While there is evidence for single gene identification for certain medical disorders, like Phenylketonuria, current information from behavioral genetics suggests that, for psychological disorders, the underlying genetic influences are more complicated.
Genome-wide association studies (GWAS) are demonstrating that the heritability of complex psychological disorders is likely due to many small genetic variations— single nucleotide polymorphisms (SNPs) —of negligible effect.
GWAS studies suggest that most psychological disorders are quantitative increases in normal genetic variations. From these polymorphisms, behavioral geneticists are calculating polygenic risk scores to determine who may be at highest risk for specific disorders. Robert Plomin describes what this means:
"The normal distribution of polygenic scores suggests that what we call disorders are the quantitative extreme of the same genetic factors that affect the rest of the distribution. Stated more provocatively, there are no common disorders, just quantitative traits—the abnormal is normal."

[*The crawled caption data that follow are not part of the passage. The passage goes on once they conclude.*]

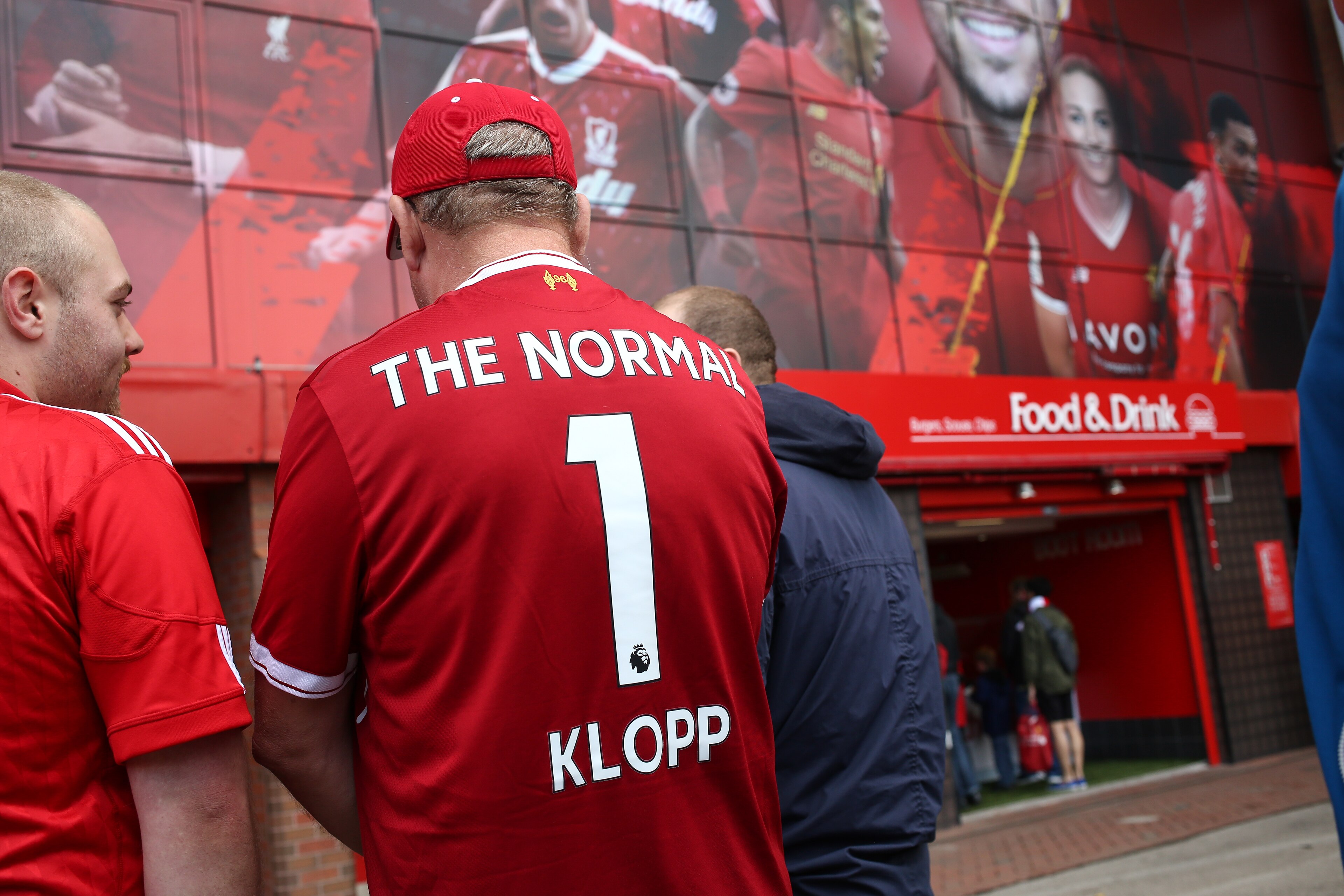 LIVERPOOL, ENGLAND - AUGUST 19: A Liverpool fans wears a shirt that reads The Normal 1 Klopp on the back prior to the Premier League match between Liverpool and Crystal Palace at Anfield on August 19, 2017 in Liverpool, England. (Photo by Robbie Jay Barra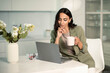 © Eva March - Business woman using laptop computer indoors at home office, with notes on papers, holding mug of coffee or tea, remote work and  freelancer, education and student, shopping online and application use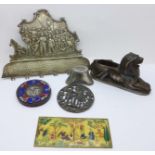 A painted faux ivory plaque, a metal lion pin cushion, Chinese weight, etc.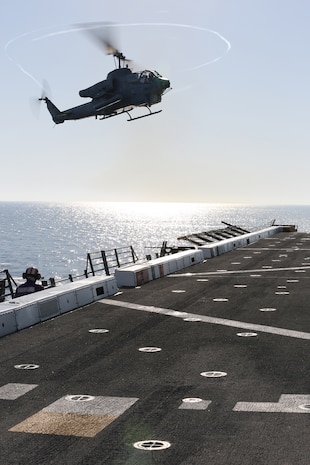 Maj. John B. Parker, AH-1W Super Cobra pilot with Marine Light Attack Helicopter Squadron (HMLA) 269, and Frankfurt, Ky., native, and Capt. Scott R. Neidecker, co-pilot with HMLA-269 and Gulfport, Miss., native, prepare to land an AH-1W Super Cobra aboard the USS New York (LPD 21) flight deck off the shore of Jacksonville, Fla., April 26, 2014, during the ship’s departure to South Florida. Approximately 120 Marines from HMLA-269, Marine Corps Air Station New River, N.C., 2nd Assault Amphibian Battalion, and 2nd Battalion, 6th Marine Regiment, 2nd Marine Division, Marine Corps Base Camp Lejeune, N.C., are participating in the 24th annual Fleet Week in Port Everglades, South Florida’s annual celebration of maritime forces. (U.S. Marine Corps photo by Sgt. Alicia R. Leaders/Released)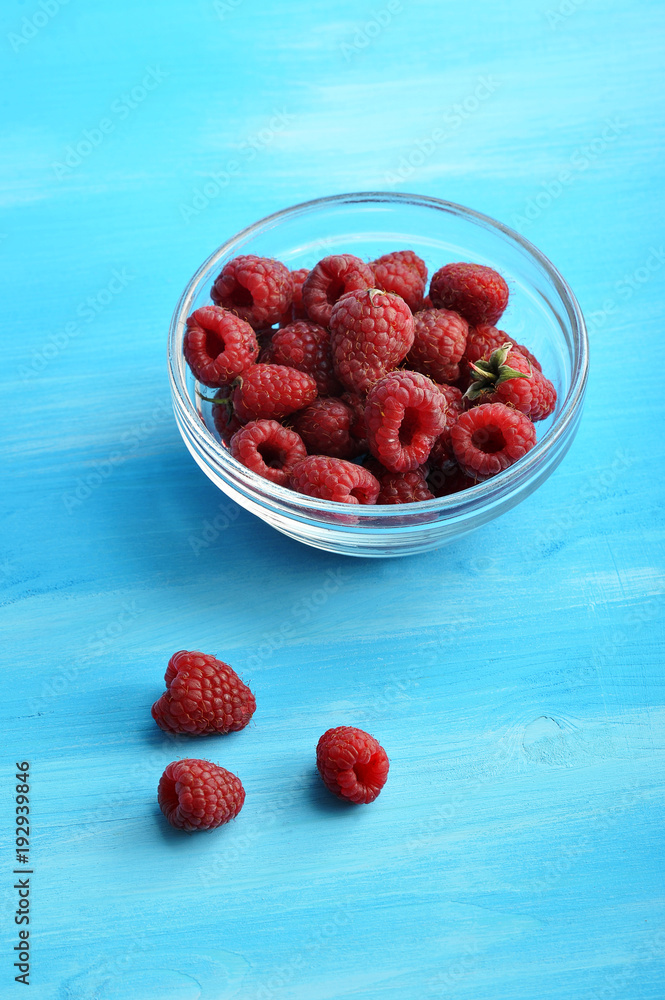 Berries of ripe raspberries in a glass cup. Close-up. Blue wood background. Berries of ripe raspberries in a glass cup. Close-up. Blue wood background.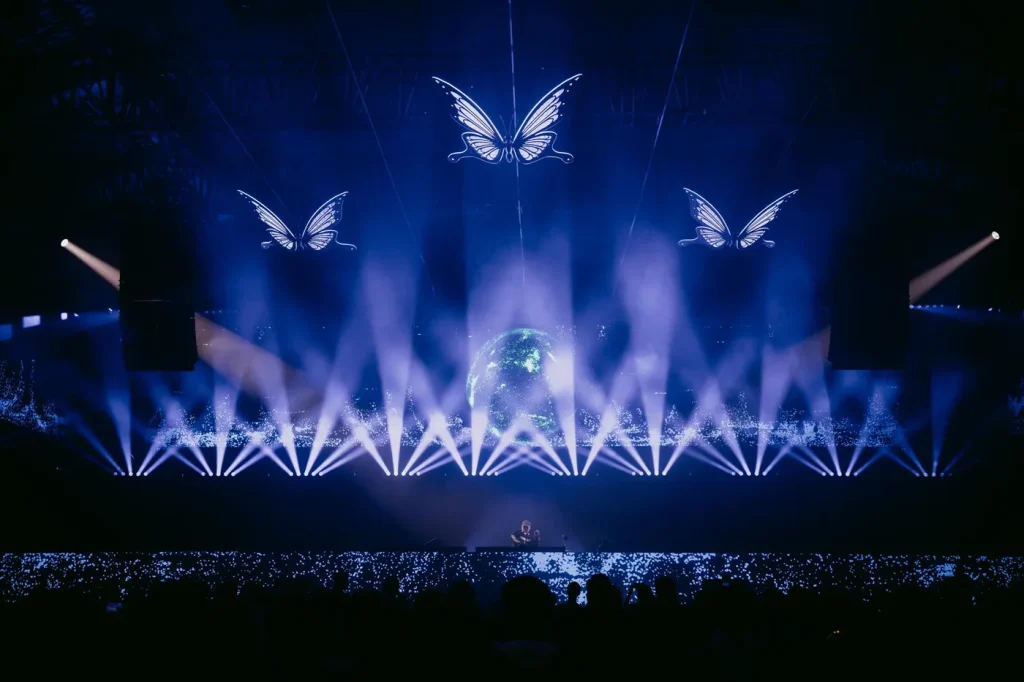 Palco indoor iluminado de azul, com borboletas de luz suspensas e um globo ao fundo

In his book Blueprint , Plomin suggests that the distinction between normal and abnormal is artificial and changes regarding treatment approaches should include reconceptualizing the idea that we can cure a disorder, since there is no "disorder" as we typically understand it. Treatment should be focused on the degree to which a problem is improved. Plomin further indicates that the DSM-5 seems to be moving toward slow alignment with the behavioral genetic research as some disorders, like autism, are now conceptualized as dimensional.

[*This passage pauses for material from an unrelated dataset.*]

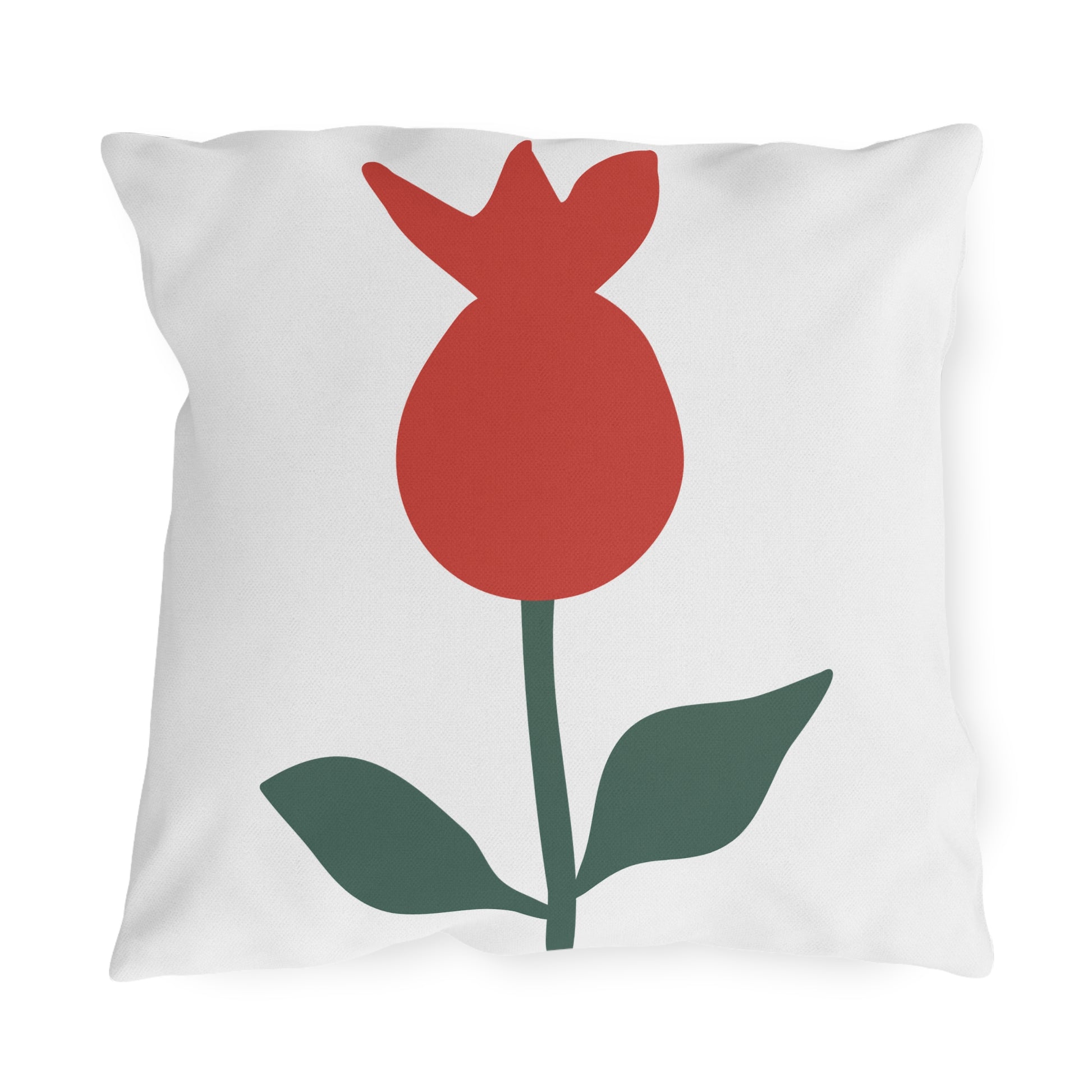White pillow with a red tulip design on a white background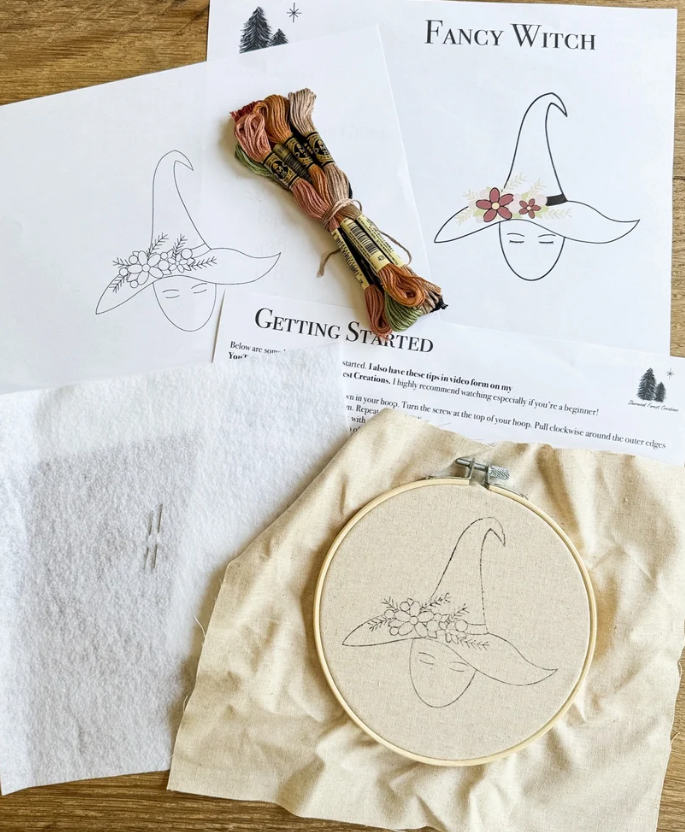 Embroidered witch hat pattern kit on a wooden table, featuring printed pattern sheets with a witch hat design, a bundle of embroidery floss, a wooden embroidery hoop with partially finished beige fabric design, a white felt pad, and a Getting Started instruction sheet.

For parents concerned about how to meet the needs of a child struggling in an academic, behavioral, social, or emotional domain, a greater understanding of diagnosis and school-based eligibility is needed. Too often, parents are left confused by changes in their child's diagnosis or category of eligibility. Clinicians should help parents clearly understand the process.

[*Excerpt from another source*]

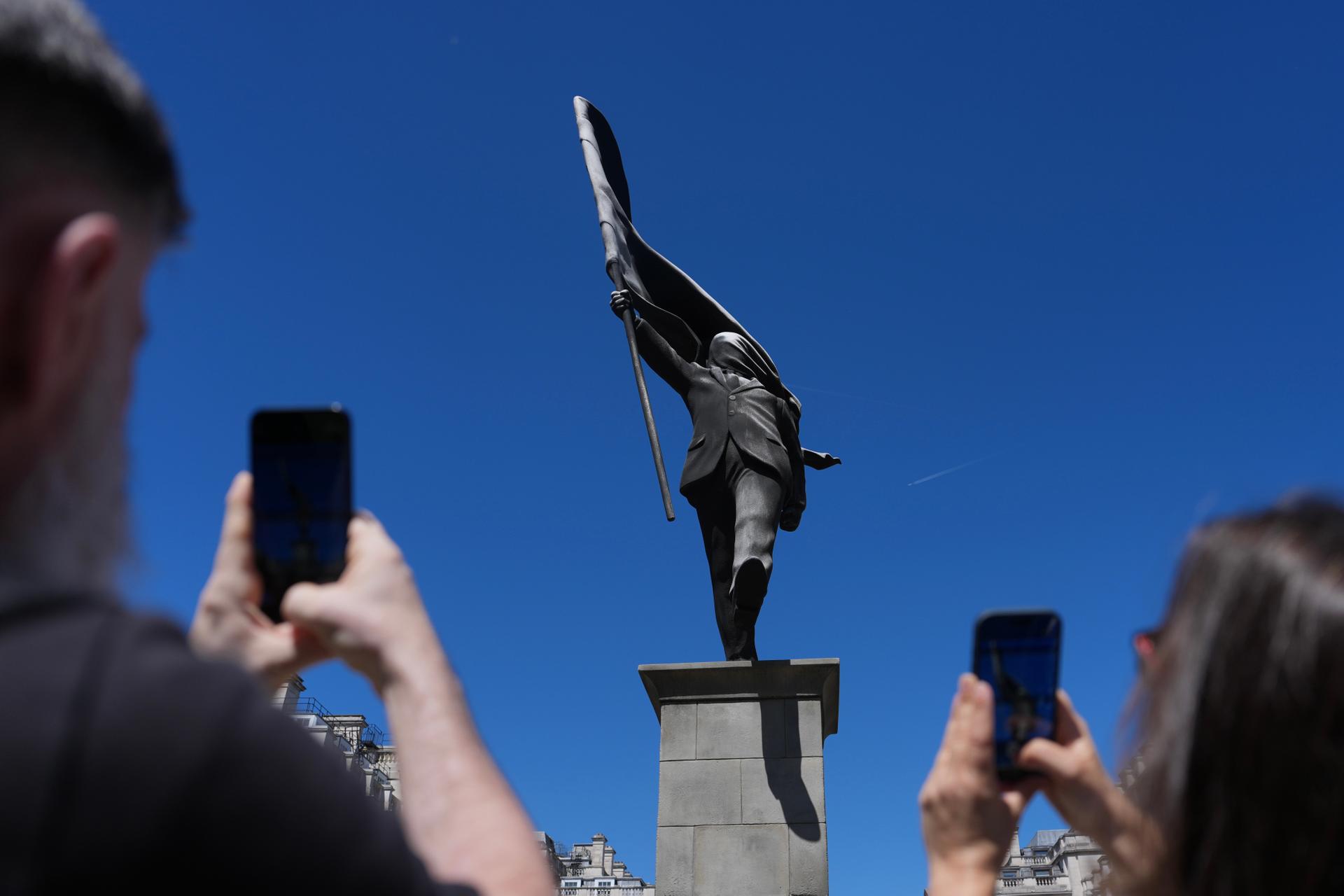Members of the public look at a statue of a man holding a flag covering his face, and signed ‘Banksy’, which appeared in Waterloo Place in London on Thursday.
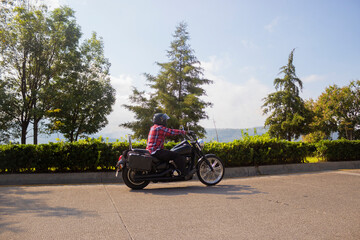 Biker man on a roadtrip with a beautiful vew behind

Also, the focus should be on the development of interventions for the individual child, not just on diagnosis and eligibility. Determining what is in the best interest of our struggling kids—guided by science—should encourage parents and clinicians to advocate for changes.
Finally, the progress of behavioral genetics is promising for a more scientific understanding of what contributes to our psychological differences. Polygenic risk scores may eventually be used to help target interventions or provide support before the manifestation of a disorder. This is an extremely encouraging prospect.